'Wonder Woman' will be the first solo female superhero film to grace the big screen since 2005's best-forgotten 'Elektra,' and with fans clamoring for a female superhero movie, it has the distinct pleasure of having a metric ton of expectations placed on its figurative shoulders. WB has made the right call in deciding to hire a female director, and one of the names that's been tossed round online is Lexi Alexander, who previously directed 'Punisher: War Zone' -- but you can go ahead and cross her name off the list because according to her, she's definitely not interested in the job.

First and foremost, as she told Forbes, Alexander hasn't been approached by Warner Bros. to direct the film -- but she is a name that's been mentioned on wishlists online since WB announced its intention to hire a female director, and she makes it clear that she thinks someone else has already been offered the job anyway:

If she says yes, everybody will be very happy, including me. I don’t see at this point why anyone would say yes. There is huge pressure…. If [a female director] does fail, then all of a sudden it’s ‘All women suck at directing.’

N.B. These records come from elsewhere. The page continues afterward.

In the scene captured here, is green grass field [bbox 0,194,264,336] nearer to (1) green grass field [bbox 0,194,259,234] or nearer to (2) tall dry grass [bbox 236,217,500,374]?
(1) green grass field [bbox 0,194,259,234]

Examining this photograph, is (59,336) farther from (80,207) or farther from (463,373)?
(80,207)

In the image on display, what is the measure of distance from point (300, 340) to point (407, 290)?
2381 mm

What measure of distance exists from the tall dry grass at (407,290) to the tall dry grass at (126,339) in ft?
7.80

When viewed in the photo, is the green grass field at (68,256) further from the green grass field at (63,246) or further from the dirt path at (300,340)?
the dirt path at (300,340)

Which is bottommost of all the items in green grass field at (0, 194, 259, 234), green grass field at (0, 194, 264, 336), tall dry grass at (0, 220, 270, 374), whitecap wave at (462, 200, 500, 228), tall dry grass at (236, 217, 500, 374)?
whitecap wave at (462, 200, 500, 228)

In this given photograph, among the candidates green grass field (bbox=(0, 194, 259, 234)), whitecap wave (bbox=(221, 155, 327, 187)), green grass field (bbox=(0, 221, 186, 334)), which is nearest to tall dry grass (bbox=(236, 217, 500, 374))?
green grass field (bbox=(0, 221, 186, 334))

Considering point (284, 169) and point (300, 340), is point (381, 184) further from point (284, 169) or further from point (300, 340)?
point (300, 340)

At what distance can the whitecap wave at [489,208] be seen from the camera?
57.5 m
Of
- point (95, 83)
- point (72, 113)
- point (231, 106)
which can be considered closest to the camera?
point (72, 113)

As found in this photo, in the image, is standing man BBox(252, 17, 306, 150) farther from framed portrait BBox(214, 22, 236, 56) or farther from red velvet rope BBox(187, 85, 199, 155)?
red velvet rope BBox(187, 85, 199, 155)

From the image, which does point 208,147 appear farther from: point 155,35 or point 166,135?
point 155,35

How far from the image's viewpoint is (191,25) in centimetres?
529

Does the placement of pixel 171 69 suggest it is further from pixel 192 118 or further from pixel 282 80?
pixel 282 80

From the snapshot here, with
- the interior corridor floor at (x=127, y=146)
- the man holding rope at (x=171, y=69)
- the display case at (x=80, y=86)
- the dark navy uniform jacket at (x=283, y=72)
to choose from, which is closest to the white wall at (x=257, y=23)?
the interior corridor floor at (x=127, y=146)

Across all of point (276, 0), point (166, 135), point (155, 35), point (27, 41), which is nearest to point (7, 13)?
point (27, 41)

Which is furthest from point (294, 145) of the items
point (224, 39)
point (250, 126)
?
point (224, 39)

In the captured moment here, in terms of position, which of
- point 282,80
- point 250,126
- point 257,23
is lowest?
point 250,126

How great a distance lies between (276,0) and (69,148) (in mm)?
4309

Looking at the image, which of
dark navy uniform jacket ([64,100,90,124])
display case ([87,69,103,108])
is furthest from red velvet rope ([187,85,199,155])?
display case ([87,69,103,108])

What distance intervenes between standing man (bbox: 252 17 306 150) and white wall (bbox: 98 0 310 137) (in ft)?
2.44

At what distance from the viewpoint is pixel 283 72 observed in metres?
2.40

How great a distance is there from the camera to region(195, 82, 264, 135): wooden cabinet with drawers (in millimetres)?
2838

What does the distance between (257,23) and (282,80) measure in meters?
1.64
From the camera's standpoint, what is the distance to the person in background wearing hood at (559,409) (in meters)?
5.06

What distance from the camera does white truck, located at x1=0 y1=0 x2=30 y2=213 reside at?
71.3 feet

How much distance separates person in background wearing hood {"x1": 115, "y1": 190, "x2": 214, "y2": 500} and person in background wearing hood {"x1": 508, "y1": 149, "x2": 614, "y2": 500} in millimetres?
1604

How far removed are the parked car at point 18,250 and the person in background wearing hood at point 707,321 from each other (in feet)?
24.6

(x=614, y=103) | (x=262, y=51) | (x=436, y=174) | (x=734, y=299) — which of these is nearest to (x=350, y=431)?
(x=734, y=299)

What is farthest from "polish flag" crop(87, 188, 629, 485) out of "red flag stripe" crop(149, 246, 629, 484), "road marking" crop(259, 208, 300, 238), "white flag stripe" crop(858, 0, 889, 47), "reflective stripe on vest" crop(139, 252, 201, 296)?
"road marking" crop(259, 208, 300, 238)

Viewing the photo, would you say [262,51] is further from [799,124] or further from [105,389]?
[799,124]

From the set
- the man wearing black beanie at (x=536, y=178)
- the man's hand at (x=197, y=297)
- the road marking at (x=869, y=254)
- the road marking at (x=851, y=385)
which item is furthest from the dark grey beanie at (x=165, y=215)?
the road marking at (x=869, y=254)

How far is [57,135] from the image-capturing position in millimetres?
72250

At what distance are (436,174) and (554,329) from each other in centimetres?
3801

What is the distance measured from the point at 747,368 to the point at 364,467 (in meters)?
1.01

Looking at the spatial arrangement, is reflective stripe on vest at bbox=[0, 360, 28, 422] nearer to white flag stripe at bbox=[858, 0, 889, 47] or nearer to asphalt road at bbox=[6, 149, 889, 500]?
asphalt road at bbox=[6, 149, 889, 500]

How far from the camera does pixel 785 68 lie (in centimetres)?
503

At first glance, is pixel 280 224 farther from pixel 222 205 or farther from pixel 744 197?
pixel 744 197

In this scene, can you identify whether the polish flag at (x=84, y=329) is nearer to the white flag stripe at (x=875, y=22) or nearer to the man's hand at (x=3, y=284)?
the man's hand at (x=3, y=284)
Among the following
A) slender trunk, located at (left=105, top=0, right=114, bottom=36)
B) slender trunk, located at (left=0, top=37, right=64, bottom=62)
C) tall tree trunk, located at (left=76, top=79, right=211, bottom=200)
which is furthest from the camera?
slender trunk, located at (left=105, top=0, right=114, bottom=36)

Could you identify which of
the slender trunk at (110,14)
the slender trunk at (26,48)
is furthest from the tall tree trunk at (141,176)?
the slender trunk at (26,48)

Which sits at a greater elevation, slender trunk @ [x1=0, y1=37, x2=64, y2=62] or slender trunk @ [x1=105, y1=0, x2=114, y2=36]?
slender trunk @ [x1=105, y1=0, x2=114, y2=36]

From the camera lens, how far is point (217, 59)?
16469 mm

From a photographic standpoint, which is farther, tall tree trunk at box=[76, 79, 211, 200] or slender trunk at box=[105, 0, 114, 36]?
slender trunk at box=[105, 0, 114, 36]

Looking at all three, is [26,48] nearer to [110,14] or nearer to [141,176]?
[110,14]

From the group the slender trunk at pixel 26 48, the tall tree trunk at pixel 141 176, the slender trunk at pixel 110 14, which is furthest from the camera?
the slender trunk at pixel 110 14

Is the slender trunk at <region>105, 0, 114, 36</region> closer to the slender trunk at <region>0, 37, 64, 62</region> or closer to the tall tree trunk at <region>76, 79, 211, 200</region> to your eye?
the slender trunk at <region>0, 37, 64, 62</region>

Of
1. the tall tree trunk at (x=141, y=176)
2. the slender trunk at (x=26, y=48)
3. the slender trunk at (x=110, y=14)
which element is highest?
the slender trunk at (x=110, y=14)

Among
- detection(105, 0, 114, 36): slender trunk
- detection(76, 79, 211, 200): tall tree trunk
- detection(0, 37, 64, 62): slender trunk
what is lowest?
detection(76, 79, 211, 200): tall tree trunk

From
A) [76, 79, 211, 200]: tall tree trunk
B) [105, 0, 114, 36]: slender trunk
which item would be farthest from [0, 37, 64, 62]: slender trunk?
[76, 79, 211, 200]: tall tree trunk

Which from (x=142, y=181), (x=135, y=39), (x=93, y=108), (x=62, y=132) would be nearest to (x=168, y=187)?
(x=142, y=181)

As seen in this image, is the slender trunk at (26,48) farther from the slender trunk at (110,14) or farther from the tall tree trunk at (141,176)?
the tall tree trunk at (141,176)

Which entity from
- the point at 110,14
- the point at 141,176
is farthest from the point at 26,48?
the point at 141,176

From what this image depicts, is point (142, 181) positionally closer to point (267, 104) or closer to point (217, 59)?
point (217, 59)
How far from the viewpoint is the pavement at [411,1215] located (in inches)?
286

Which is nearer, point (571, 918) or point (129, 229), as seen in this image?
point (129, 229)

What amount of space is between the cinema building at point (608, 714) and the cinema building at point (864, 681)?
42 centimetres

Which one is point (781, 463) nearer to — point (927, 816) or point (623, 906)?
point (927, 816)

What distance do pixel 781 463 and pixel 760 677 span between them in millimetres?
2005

She sort of has a point, although her comment is a bit extreme -- then again, the reaction could be extreme. Here's the thing: we all want the 'Wonder Woman' movie to be great, but the truth is that DC and WB's current vision/tone/direction for their films doesn't seem promising. So far we've only seen 'Man of Steel,' and it was a bit of a drag. The studio is intent on distancing themselves from Marvel, focusing on more serious films with little to no humor or fun. The mere concept of their entire slate of films sometimes seems exhausting rather than exciting.

It seems more likely that the 'Wonder Woman' movie would fail than the 'Captain Marvel' film, even if both were directed by women -- and not because they were directed by women, but because of the studios and creative systems behind them. And so the reaction that would follow ("All women suck at directing") if 'Wonder Woman' fails would be hugely detrimental, of course, and no female director wants that on her shoulders, so it depends on how you interpret Lexi Alexander's comments. I might not want to direct 'Wonder Woman,' either.

In an interview with Fast Company, Alexander further commented:

Imagine the weight on my shoulders. How many male superhero movies fail? So now, we finally get Wonder Woman with a female director; imagine if it fails. And you have no control over marketing, over budget. So without any control, you carry the f—ing weight of gender equality for both characters and women directors. No way.

There's been a hugely negative reaction to Alexander's comments online today, mostly because she spoke out without having been offered the job at all, but I think she raises an interesting and candid point about the pressures of being a female director -- and I don't think she could be criticized for being honest.